Fun, colorful and comfy are the three words Tracey Samuel, the designer behind the U.K. based line, The Bonnie Mob, uses to describe the brand. The name Bonnie Mob, says Samuel, “represents our merry, colorful band of babes and kids doing what kids do best – running, playing and having lots of fun.” (Of course the word “bonnie” means beautiful in the designer’s native Scottish parlance.)

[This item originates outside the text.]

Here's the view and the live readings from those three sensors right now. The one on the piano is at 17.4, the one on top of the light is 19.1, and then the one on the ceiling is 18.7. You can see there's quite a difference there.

The brand has captured the hearts of boutique buyers the world over for its gorgeous knits with a hint of quirk and sweet designs with just the right dose of funk. Samuel grew up in Scotland, studied textiles at Glasgow School of Art, and attended the prestigious Central Saint Martins in England for an MA in fashion, studying alongside Alexander McQueen and Stella McCartney. Making a career in knitwear, Samuel spent 10 years at Sonia Rykiel, a company revered for its bright and whimsical knits. When she had her baby, the designer was determined to keep creatively busy (knowing she couldn’t maintain her pace of commuting Monday to Thursday from Brighton to Paris), and began her own children’s wear line that would fast be known for its beautiful heirloom, yet quirky, knits with fun use of color.
The current SS17 collection, says Samuel, “was inspired by the nostalgia of the 70’s and that feeling of energy, happiness and love that comes from a weekend at a sun kissed music festival.” Her favorite piece of the collection, she confides is a little knit romper with a David Bowie inspired intarsia cloud and a rainbow flash.

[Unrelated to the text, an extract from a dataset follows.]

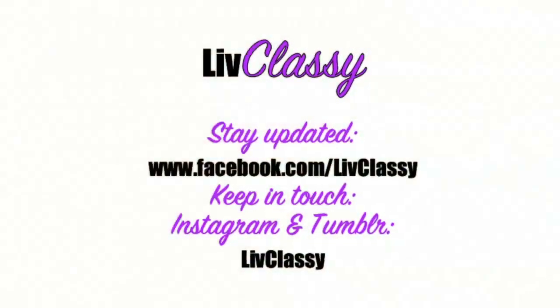Thank you guys so much for watching. If you'd like, you can follow me on Tumblr and Instagram at LiveClassy, or check me out on Facebook at facebook.com/LiveClassy. If you can take a minute to subscribe, I will see you guys in another video — thank you!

The Fall/Winter collection, just shown at Playtime, also nods to the 70s, and has an eastern theme, featuring the secretive creatures of the Himalayas, like peeping pandas and baby tigers. Gorgeous knitwear with quirky details and richly colored separates with hand drawn prints keep it fresh for the new season.

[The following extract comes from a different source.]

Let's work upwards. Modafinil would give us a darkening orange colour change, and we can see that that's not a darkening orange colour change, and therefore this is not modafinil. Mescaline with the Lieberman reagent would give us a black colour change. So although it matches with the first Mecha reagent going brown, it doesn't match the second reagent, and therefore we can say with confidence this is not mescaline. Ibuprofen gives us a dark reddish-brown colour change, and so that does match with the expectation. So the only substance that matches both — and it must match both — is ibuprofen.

As anyone who produces clothing can attest, the choice of factory is critical in the success of a fashion line, and her factory has been key to her ability to grow. Samuel was lucky to have forged a long term relationship with factories in Hong Kong and China since her days at Sonia Rykiel, so she engaged them when she launched her own line. “For me it’s about the people. They have become part of the Bonnie Mob family, and there’s a level of trust and understanding that means they know what I expect and we work really well together.”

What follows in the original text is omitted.